→ Study material:

'''

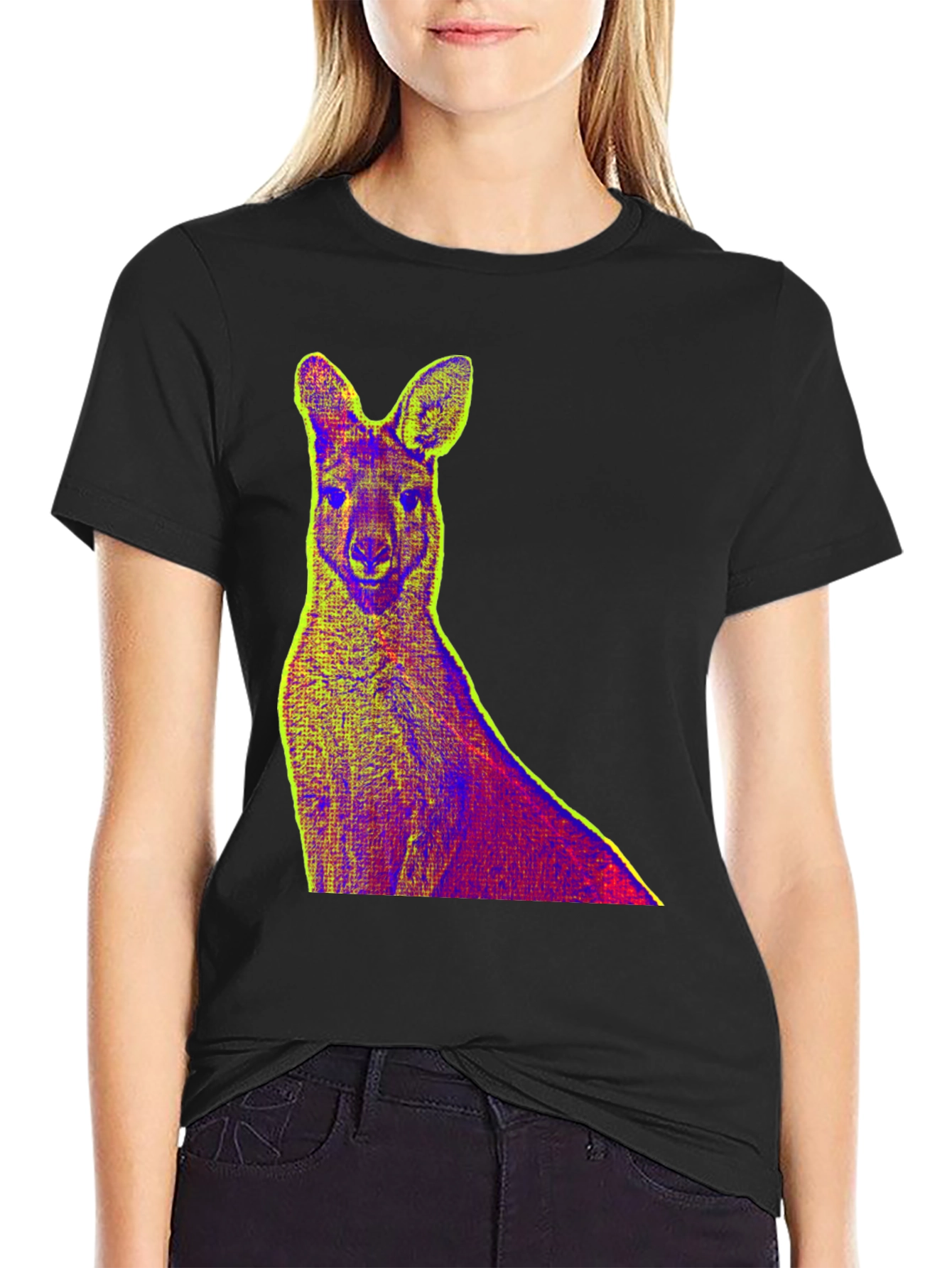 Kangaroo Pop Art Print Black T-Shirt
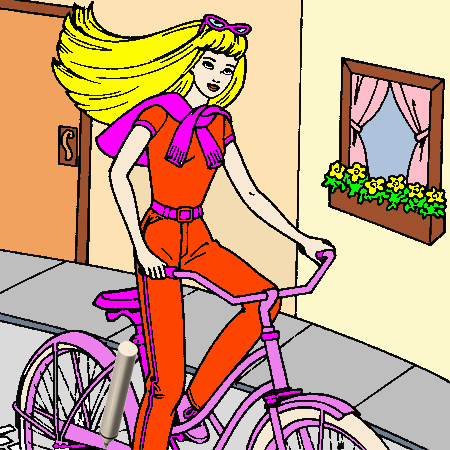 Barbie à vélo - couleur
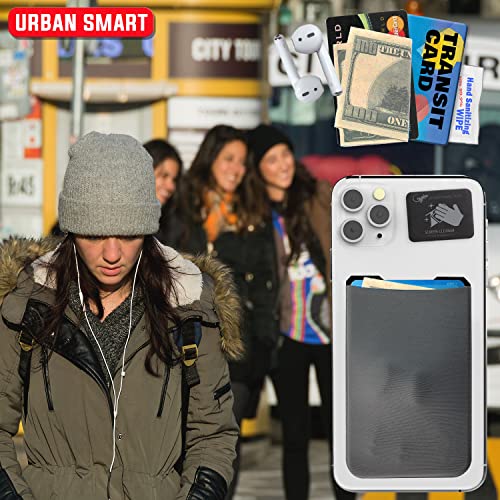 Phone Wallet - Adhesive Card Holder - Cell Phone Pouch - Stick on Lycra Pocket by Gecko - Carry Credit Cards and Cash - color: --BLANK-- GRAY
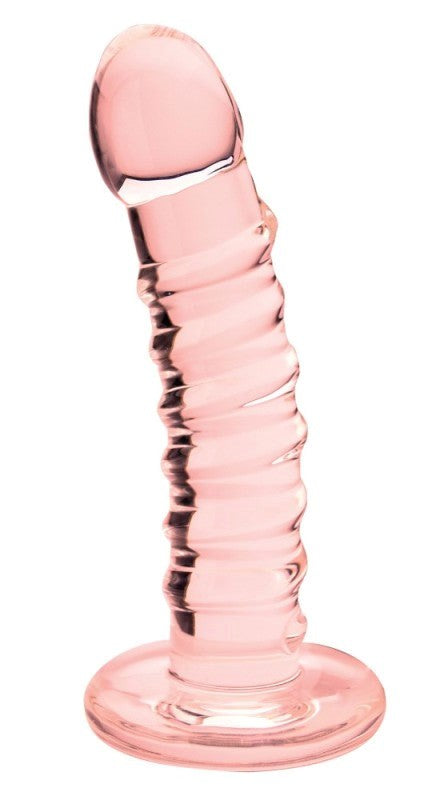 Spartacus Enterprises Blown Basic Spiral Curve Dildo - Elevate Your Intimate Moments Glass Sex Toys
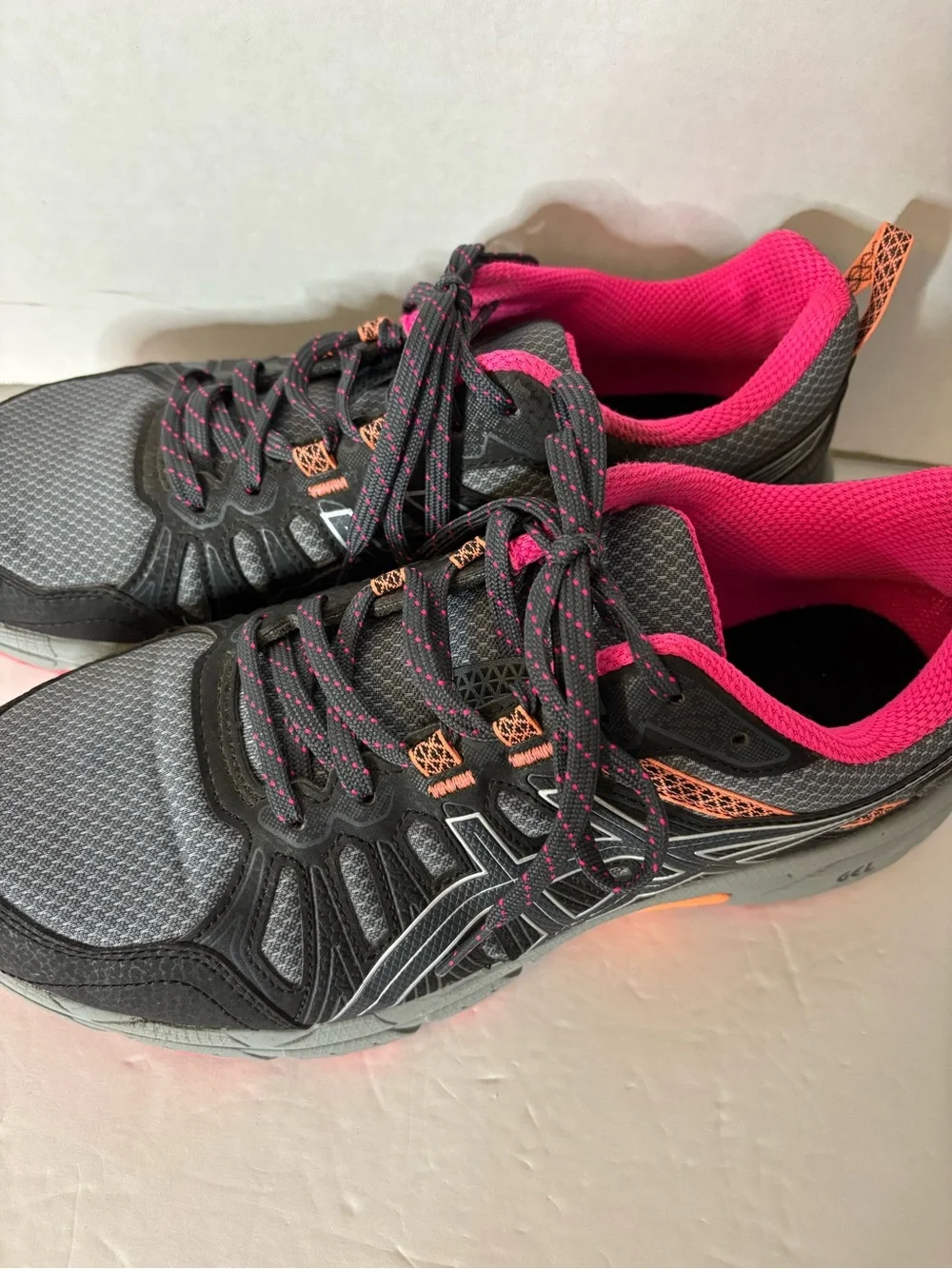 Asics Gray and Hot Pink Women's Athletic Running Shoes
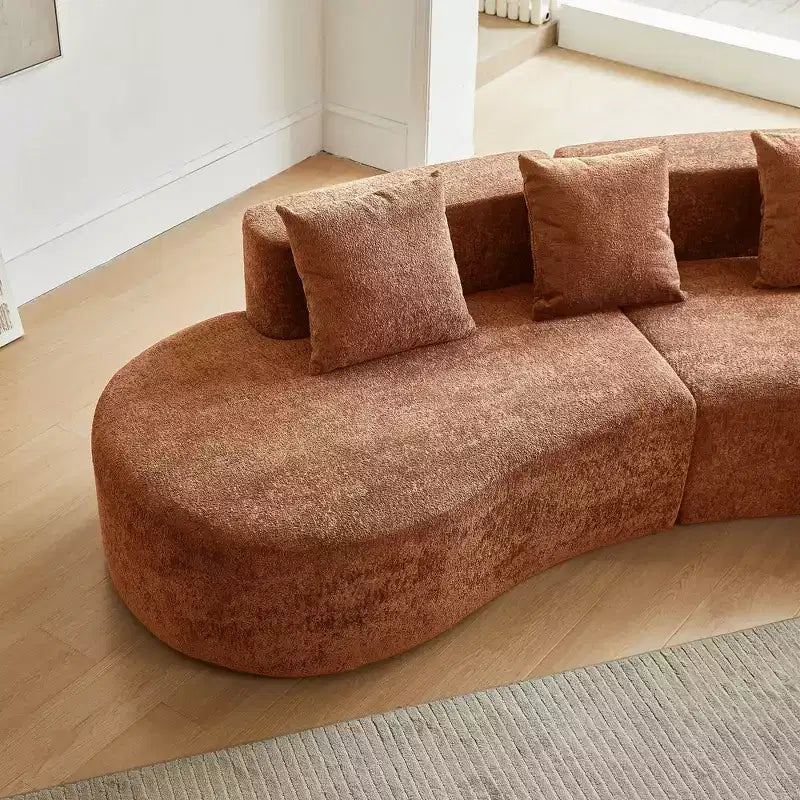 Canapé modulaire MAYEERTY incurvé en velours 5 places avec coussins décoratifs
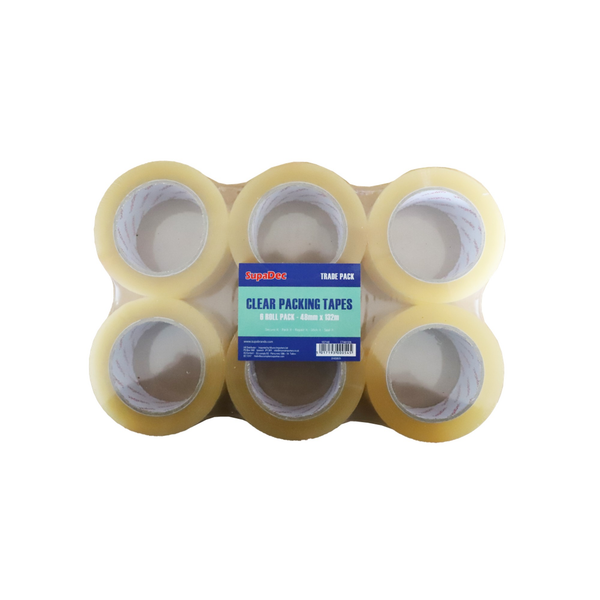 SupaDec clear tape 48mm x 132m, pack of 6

'''
'''

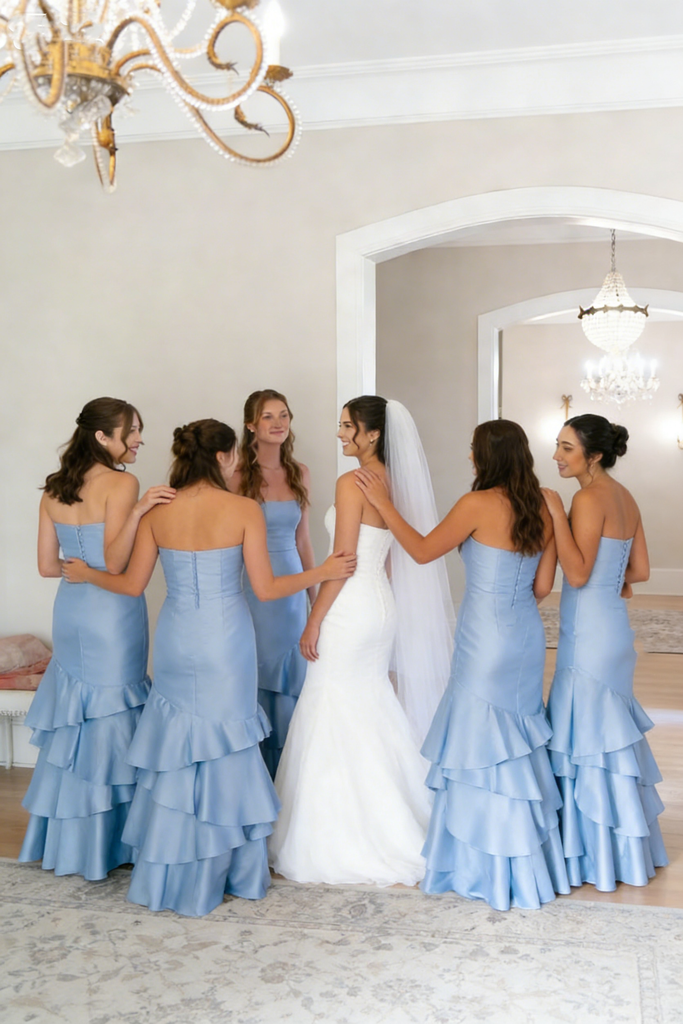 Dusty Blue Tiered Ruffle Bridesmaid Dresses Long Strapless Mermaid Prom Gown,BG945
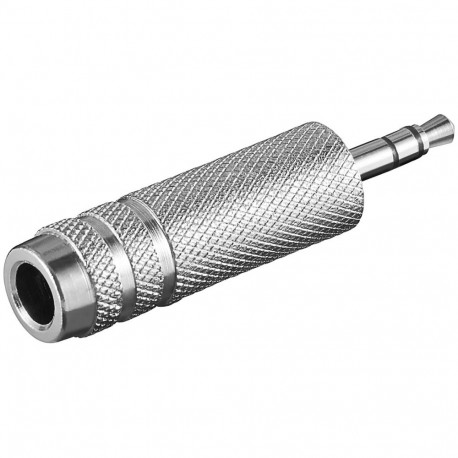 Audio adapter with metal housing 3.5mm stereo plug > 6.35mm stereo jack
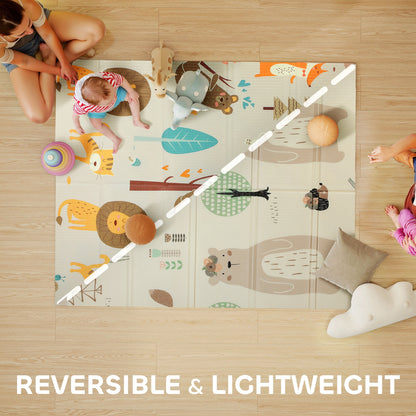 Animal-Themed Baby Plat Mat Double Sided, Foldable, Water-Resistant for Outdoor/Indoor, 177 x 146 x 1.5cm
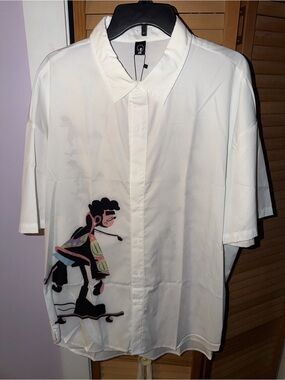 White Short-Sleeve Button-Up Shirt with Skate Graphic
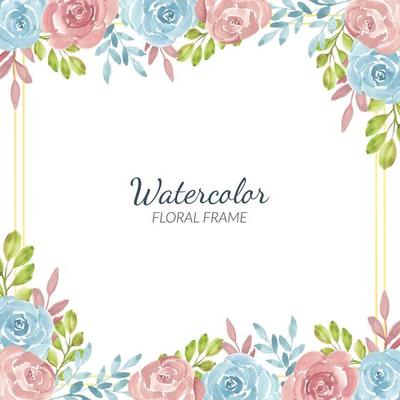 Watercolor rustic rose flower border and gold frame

'''
'''

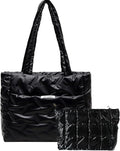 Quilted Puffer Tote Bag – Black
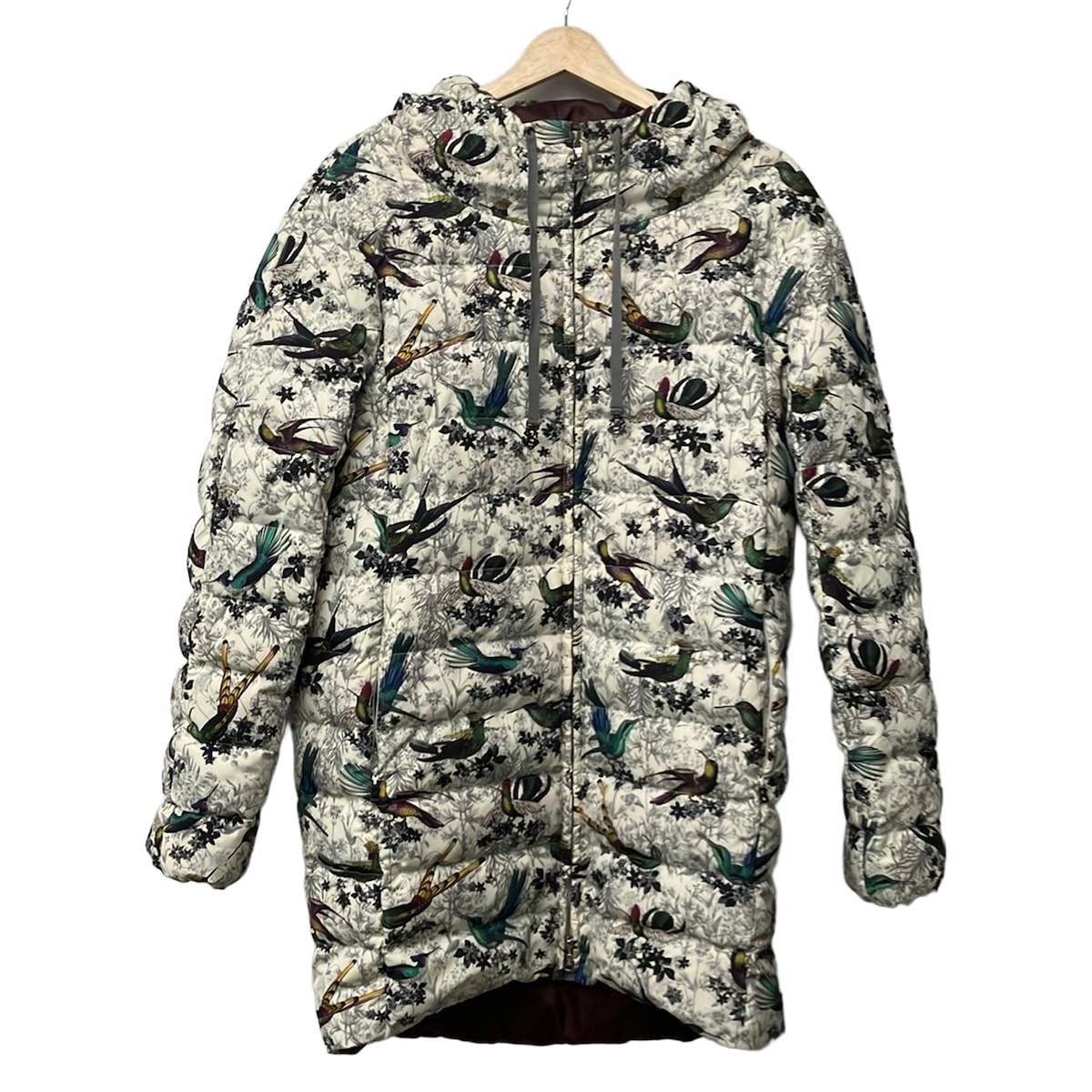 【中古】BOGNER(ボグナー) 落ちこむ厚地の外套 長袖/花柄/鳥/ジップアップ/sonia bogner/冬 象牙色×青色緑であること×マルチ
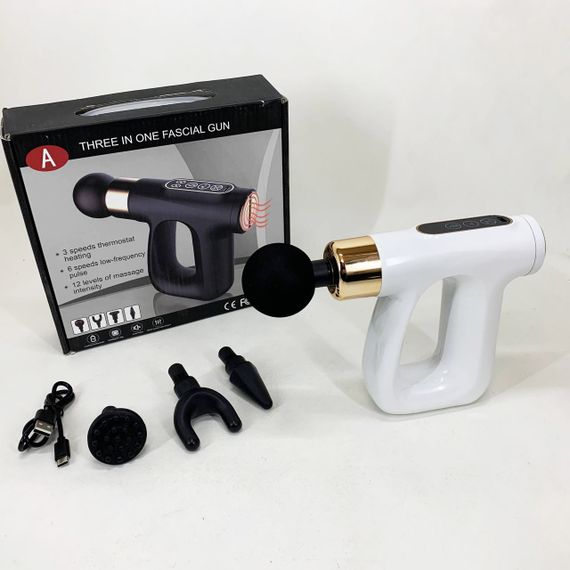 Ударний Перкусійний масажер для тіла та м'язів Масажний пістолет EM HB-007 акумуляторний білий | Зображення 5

'''

→ About this exercise:
Line for line, output the entries above from the line with "Spartacus Enterprises Blown" to the line with "SupaDec clear tape 48mm x 132m, pack of 6", both included, and nothing more. Skip pictures.

→ Exercise answer:
 Spartacus Enterprises Blown Basic Spiral Curve Dildo - Elevate Your Intimate Moments Glass Sex Toys
 Asics Gray and Hot Pink Women's Athletic Running Shoes
 Canapé modulaire MAYEERTY incurvé en velours 5 places avec coussins décoratifs
 SupaDec clear tape 48mm x 132m, pack of 6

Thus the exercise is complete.